Chasing ever-smaller audiences in those crowded verticals, vendors resort to shady tactics like unclear pricing, hidden costs and add-ons, and a maze of confusing options to obstruct cancellation. On the other end of the spectrum, Salesforce – the company that started it all – now has a team actually dedicated to helping its customers spend less on their subscriptions, which they recognise are becoming unwieldy. And while that’s an admirable individual initiative, it’s just firefighting. It’s not a sustainable solution to a growing, industry-wide problem.
It’s a discouraging picture. Businesses are starting to look at this cluttered, over-saturated tech landscape and wondering how to make sense of it. One way they respond to it is to come full-circle, and move software control back into the IT department. In the process, they regain oversight on software, finances and data. But it comes at the cost of agility, nimbleness and openness.
In an IT-regulated SaaS system, security wins over functionality. Instead of the network of best-in-class solutions that defined the 2010’s, businesses will start reverting to heavyweight product suites that are less agile, but more reliable. The result will be that the take-up for new software will be slow, and available licences scarce. Gone are the days of your sales team getting excited about trying out new SaaS to help them convert more leads, or marketing discovering an email platform that makes ABM easy. It’s a return, instead, to the dark rooms of an isolated tech stack. The likelihood is that as requests for new SaaS are denied, password-sharing and shadow SaaS will start to creep in, causing more compliance problems. And as employees start to feel stifled, they might resent their company for moving away from the freedom of SaaS. It represents a massive step backwards for software, and an end to the era of democracy that Salesforce ushered in.
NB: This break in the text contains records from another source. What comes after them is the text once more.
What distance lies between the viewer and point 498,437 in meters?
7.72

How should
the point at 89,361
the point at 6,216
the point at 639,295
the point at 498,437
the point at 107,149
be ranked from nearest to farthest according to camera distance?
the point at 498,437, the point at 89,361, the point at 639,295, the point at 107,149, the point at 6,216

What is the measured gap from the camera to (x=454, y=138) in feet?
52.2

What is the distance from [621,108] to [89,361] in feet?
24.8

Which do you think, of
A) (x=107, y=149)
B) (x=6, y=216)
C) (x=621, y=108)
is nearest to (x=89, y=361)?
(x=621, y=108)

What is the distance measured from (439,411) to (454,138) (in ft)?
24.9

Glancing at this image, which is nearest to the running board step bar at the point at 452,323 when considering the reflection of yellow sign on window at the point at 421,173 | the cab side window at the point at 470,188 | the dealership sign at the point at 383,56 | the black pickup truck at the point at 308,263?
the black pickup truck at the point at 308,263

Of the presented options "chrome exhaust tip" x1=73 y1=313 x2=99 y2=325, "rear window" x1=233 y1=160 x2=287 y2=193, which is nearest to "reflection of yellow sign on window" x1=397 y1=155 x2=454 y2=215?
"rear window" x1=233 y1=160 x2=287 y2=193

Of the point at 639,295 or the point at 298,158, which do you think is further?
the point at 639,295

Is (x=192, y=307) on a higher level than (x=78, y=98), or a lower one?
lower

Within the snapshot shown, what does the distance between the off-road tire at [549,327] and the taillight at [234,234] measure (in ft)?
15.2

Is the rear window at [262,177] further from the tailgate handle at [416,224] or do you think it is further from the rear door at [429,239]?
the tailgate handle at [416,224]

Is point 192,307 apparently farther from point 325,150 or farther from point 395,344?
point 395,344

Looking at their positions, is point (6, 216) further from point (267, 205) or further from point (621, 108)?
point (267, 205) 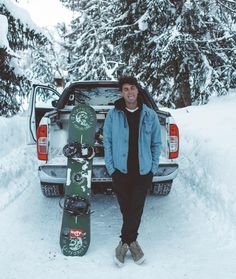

SaaS management - The way forward**
To avoid over-correcting, we need to instead think critically about what the next generation of SaaS should look like.
What’s needed is a consistent management system for SaaS. While spend management can help ease some of the burden for finance teams chasing invoices, it doesn’t give a view of SaaS assets beyond a line item on a credit card bill. Instead, businesses urgently need a way to gain visibility and control over SaaS assets across their whole lifecycle – from evaluation to purchase, management and cancellation
Finance teams, at the nexus of all SaaS spend, have the opportunity to take the reins and implement processes that, rather than restricting control and preventing creativity, add value to the business. With thoughtful and robust SaaS management processes, they can gain full visibility over subscriptions, figure out which purchases are driving ROI, and implement workflows to reduce wasted man hours and team tension.
Only with intelligent SaaS management can businesses continue to use SaaS in the way it was intended — as a democratising innovation which saves money and encourages collaboration between teams.
At Cledara, we’ve seen first-hand the relief - yes, relief - our clients feel as we help them build the framework for managing their SaaS more successfully. Twenty years after the ‘no software’ revolution started, the SaaS applications industry is going through significant growing pains. But that means it’s time to evolve, not go backwards. We’re empowering SMBs to do exactly that.